Il Maggio di Accettura: da "incantesimo agrario" a identità collettiva di un popolo

Prima dell'esodo dalle campagne ciascuna categoria esercitava un ruolo specifico: il trasporto degli alberi era gestito dai “Massari” organizzati in genere per contrade, allora tutte densamente popolate; e per il “Maggio” vigeva il privilegio dei proprietari terrieri di maggior prestigio. Era la festa dei “Massari”, momento competitivo e di affermazione di sé e della contrada.
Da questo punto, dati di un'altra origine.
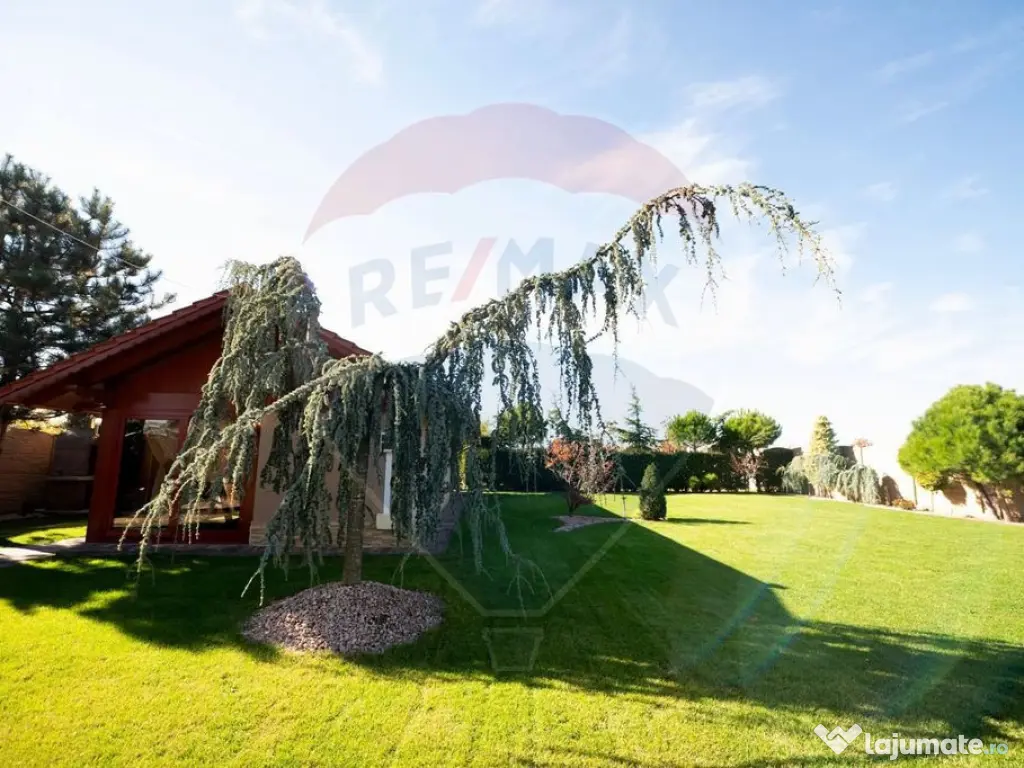 Casă impresionanta cu teren 2700mp garaj 2 masini si ter... 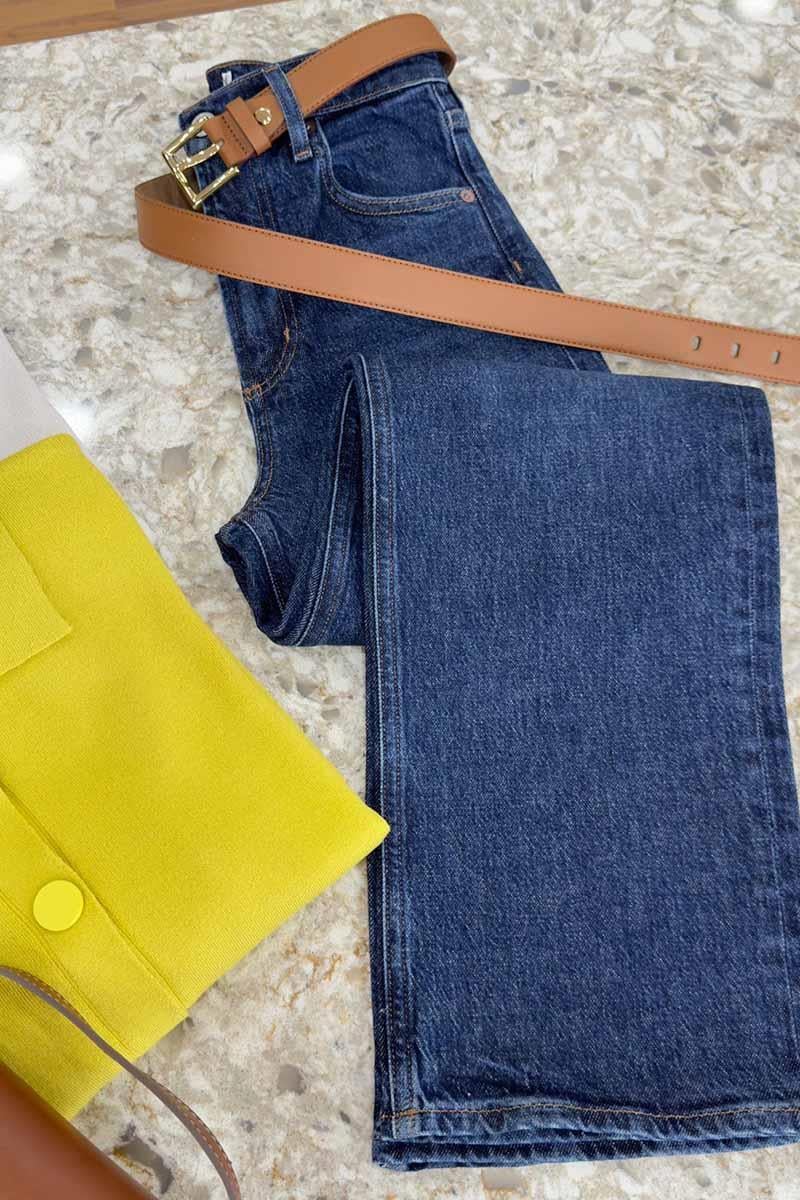K1850 A.D STRAIGHT LACİVERT JEAN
Per la “Cima” provvedevano i braccianti contadini, trasportandola sulle spalle lungo il tratturo che da Gallipoli, per San Nicola, scendeva alla Salandrella di Ermoli. E la salita per raggiungere il paese era veramente dura e ci volevano soste, fiaschi di vino, sollecitazioni di zampogne e canti. E tutto si svolgeva in modo composto, con limitati spettatori. Le donne a seguire con le provviste, ad imbandire tavolate al fresco e tra l'erba.  Una diversa realtà si vive nel nostro tempo e non esistono differenze di classe e di sesso.
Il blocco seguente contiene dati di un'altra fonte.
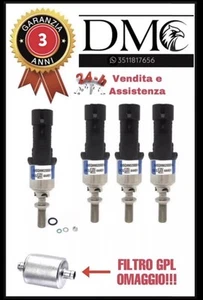 4 INJEKTOREN BRC LPG BLAU MIT GEWINDE ERSTE SERIE 09SQ99020001G - Bild 1 von 2
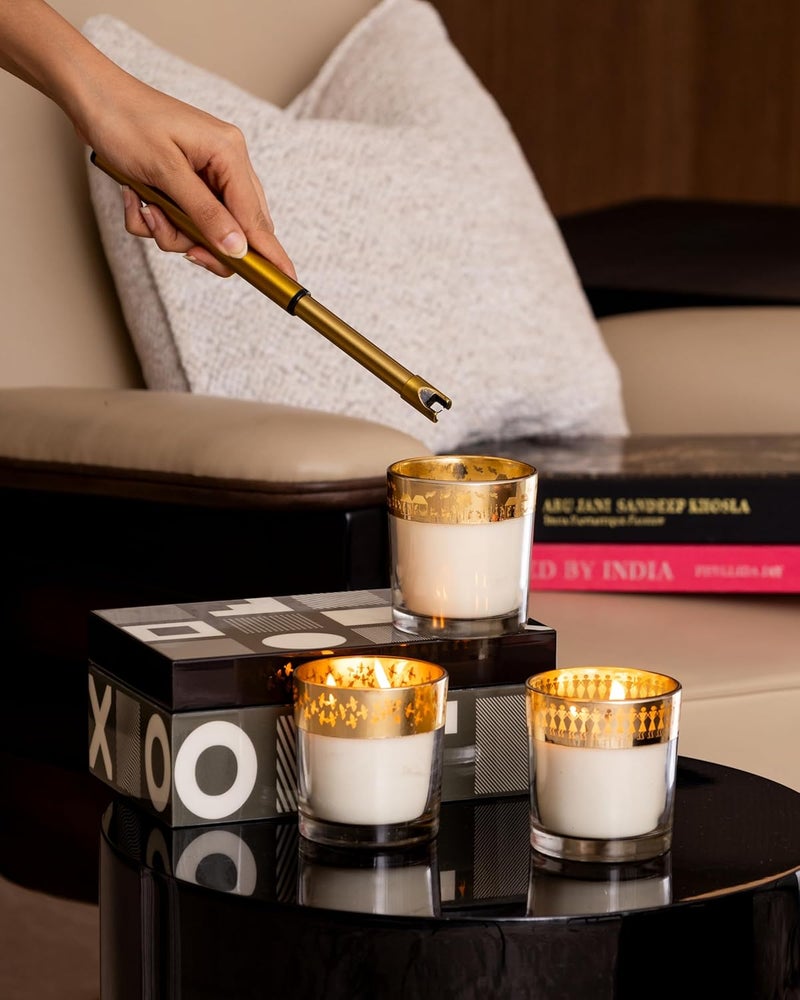 SEVA HOME Enchante Candle Dil Se Saffron Silk Dance Luxury Gifting 25 Hour Burn Premium Soy Wax Premium Home Decor Long Lasting - Image 4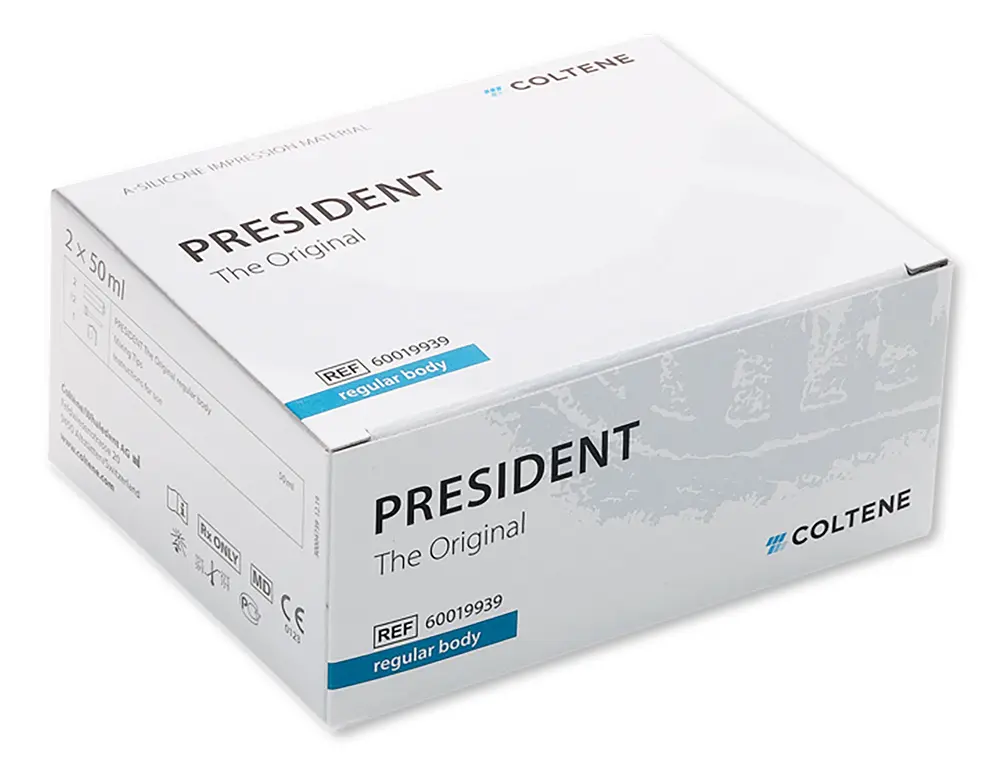 PRESIDENT THE ORIGINAL REGULAR BODY 2 X 50 ML
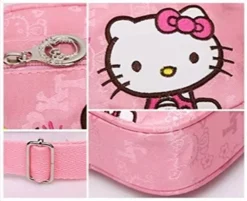 Hello Kitty Bag, Hello Kitty Purse For Girls-Pink KT Cat Crossbody Bag, Hello Kitty Mini Pink Small Shoulder Handbag For Girl, Mini Travel Bag For Girls, KT Cat Purse For Girls. -TRAVELPRO Sales 41 xTaOKxUL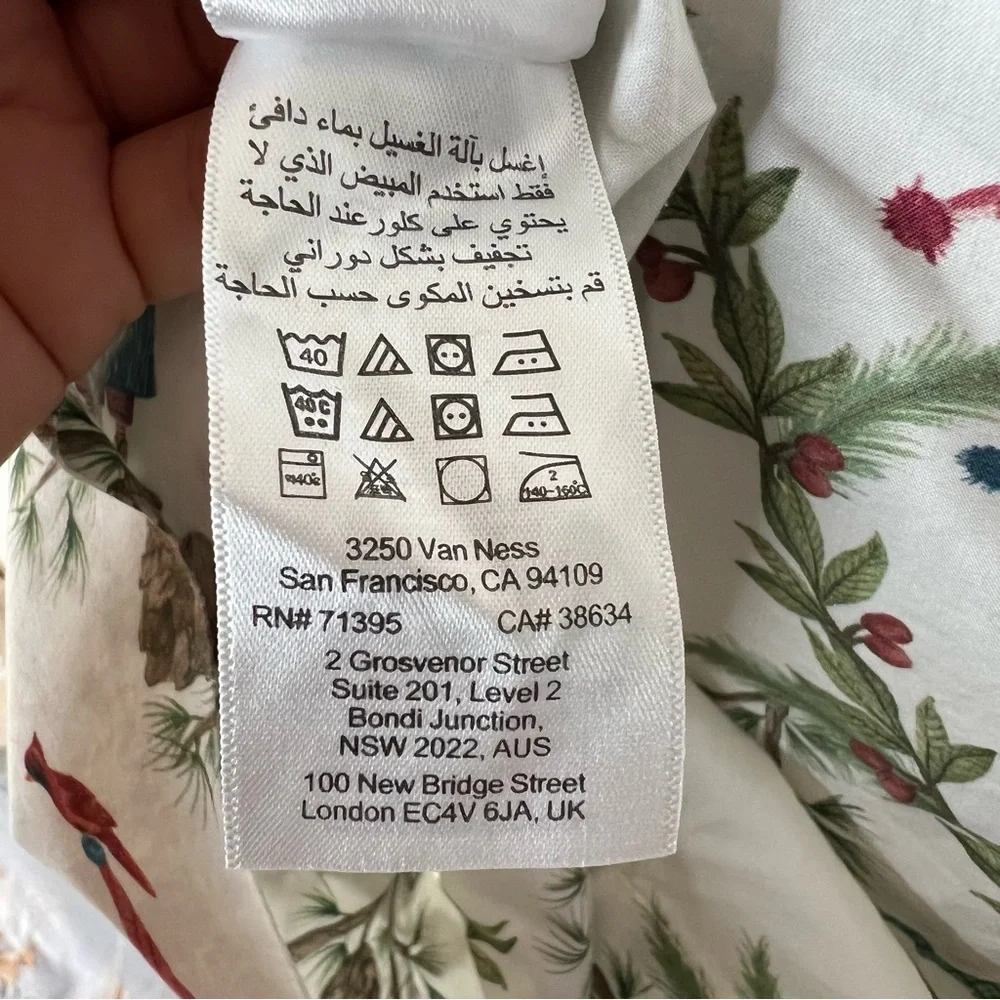 Pottery Barn Forest Gnomes Standard Pillow Case Organic Cotton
 il “Maggio di Accettura” non esprime più l'autentico mondo agreste, le ansie, le aspettative, la gioia del risveglio primaverile dei contadini. L'emigrazione e l'esodo dalle campagne, già negli anni sessanta, sembrava aver sottratto base sociale al processo festivo. Tuttavia, grazie all'impegno innovativo di una rinnovata procura, al ritorno dei primi emigranti per l'occasione e all'emergere di nuovi  protagonisti (esemplare il mitico Zizilone), il “Maggio” riprese vigore e sorse a nuova vita. La riscoperta dell'evento, poi, dell'antropologo Bronzini, nel 1969, diede un tale impulso culturale da varcare i confini geografici, attirando artisti e studiosi di diverso orientamento e tecniche espressive, che hanno arricchito l'ampia letteratura  di nuove interpretazioni e testimonianze, tanto diffuse da essere inclusa dall'UNESCO tra le 47 fra le più belle “Fetes du Soleil”. Le sue ricerche sul campo furono per noi la riscoperta del valore della nostra tradizione; la partecipazione di tanti e tanti giovani, residenti e non, di ogni età, hanno infuso nuova anima alla festa sulle ceneri delle motivazioni originarie. La sua vitalità si è rafforzata nella nuova funzione di coesione sociale, di radice identitaria; espressione di una particolare storia umana di comunità di emigranti, che trova nel “Maggio di San Giuliano” la metafora per trasmetterla alle nuove generazioni.

E l'esuberanza dei giovani, che segnano il passaggio da un rituale di “incantesimo agrario” a quello prevalente di spettacolo popolare, va considerata come evoluzione naturale della festa e libera espressione di stati d'animo autentici dei nuovi tempi.  Oggi constatiamo una carica spettacolare e di protagonismo che si manifestano  nei diversi momenti dello sviluppo festivo. Il Bronzini, già nel 78 aveva constatato una certa “carica carnevalesca del rito” che i vecchi contadini esprimevano con “più composto ballo simbolico” : ”Non dobbiamo dolercene, osservava, né si può, ammesso che si voglia, regolare la dinamica di una cultura viva, alimentata da germi antichissimi, sopiti e risvegliati”... Ciò che conta “non è l'agonismo individuale...” “è quanto la festa va guadagnando con la partecipazione dei giovani.(Accettura, il contadino, l'albero , il Santo- p.114 – Congedo) Ed in effetti oggi i giovani di ogni età sono i veri promotori e protagonisti dell'evento.